Show them you care: XMNR Faculty Patty Raun discusses her approach to communicating about complex topics
February 2, 2024
By Amy Hubbard
Patricia “Patty” Raun joined the Executive Master of Natural Resources (XMNR) faculty in 2012 to share her wealth of knowledge and professional experience in leadership for sustainability, especially in the skills of communicating effectively about complex sustainability systems.
Patty says that her background as an actor contributes to her science communication work. She also serves as professor of performance and voice in the School of Performing Arts and director of the Center for Communicating Science at Virginia Tech.
In 2023, Patty received the Virginia Tech William E. Wine award, after being nominated by students, faculty, and alumni. The award, first given in 1957, honors faculty with a history of teaching excellence at Virginia Tech.
I recently interviewed Patty about what drew her to the XMNR program and why she believes that skills such as storytelling, empathy, and connecting outside differences is vital to the work of sustainability professionals.

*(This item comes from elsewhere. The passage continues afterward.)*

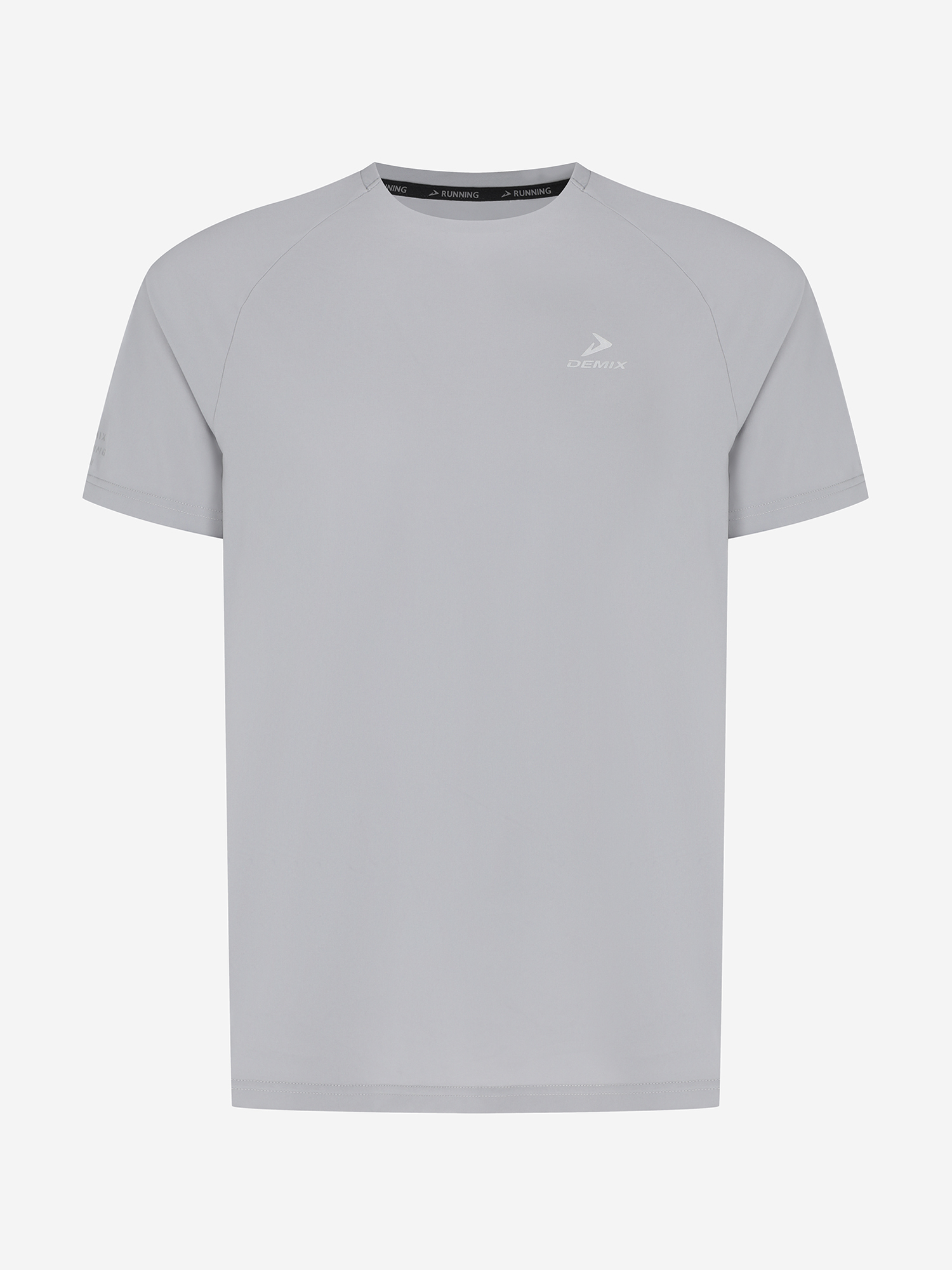 Футболка мужская Demix Серый 2499₽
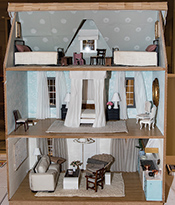 Dollhouse Beautiful_Designed by Marie Flanigan Thumbnail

AH: Hello, Patty! Could you share a little bit about yourself, your career, and how that has prepared you for teaching in the XMNR?
PR: I started my professional life as an actor. I trained as an actor and I'm still a professional actor. And I've been teaching acting to all kinds of folks, actors and non-actors for over 30 years. About 10 or 12 years ago, I started shifting the focus of my professional life to use the tools of arts practices to support people in scientific and technical fields in their need to communicate and connect across differences with other folks.
I think that none of us is just a scientific mind or just an artistic mind or just a technical mind. We are all three-dimensional human beings and the ways that we communicate with other people need to rely on all of our capacities, especially around issues of sustainability and climate change. We have to connect through all the tools and that includes tools of listening, tools of empathy, tools of storytelling. So what I try to do is help folks that have these passions for sustainability use those tools to connect with people outside of their own disciplines.
AH: What was it that initially drew you to the XMNR program and what continues to keep you engaged?
PR: Well, my dear colleague and friend Bruce Hull had been teaching and I had been aware of his interaction with the XMNR program. He had taken a couple of workshops that I had facilitated, and he was talking to me about how the kind of experiential learning that I introduce would be valuable in the XMNR.
And simultaneously, I was being awakened in the night by difficult thoughts of climate change and sustainability issues. So I thought this might be a really good thing to try, to see if I can contribute to these folks who are changing the world for the better in that way.
AH: I know that you work with a variety of different audiences and student groups. What is it about the XMNR program that keeps you engaged or motivated working with those specific students?
PR: The XMNR cohorts are always the highlight of every year for me as far as learning journeys, partly because the students in the XMNR are so diverse in terms of passions, capacities, previous life experience, and work experience. I feel like it's possible for me to really learn from them as much as the experiences that I introduce.
So it’s the particular alchemy of every group of XMNR participants that is so exciting and so engaging for me. When I feel like I may be overwhelmed, I know that I can get energy and new inspiration from the folks in the XMNR.
AH: Prospective students often tell me that they want those technical skills, the science, and a deep dive into the sustainability systems but they don’t necessarily see the importance of the soft skills. What is it like for you when you encounter some of our students with this perspective and how do you see their evolution throughout the year?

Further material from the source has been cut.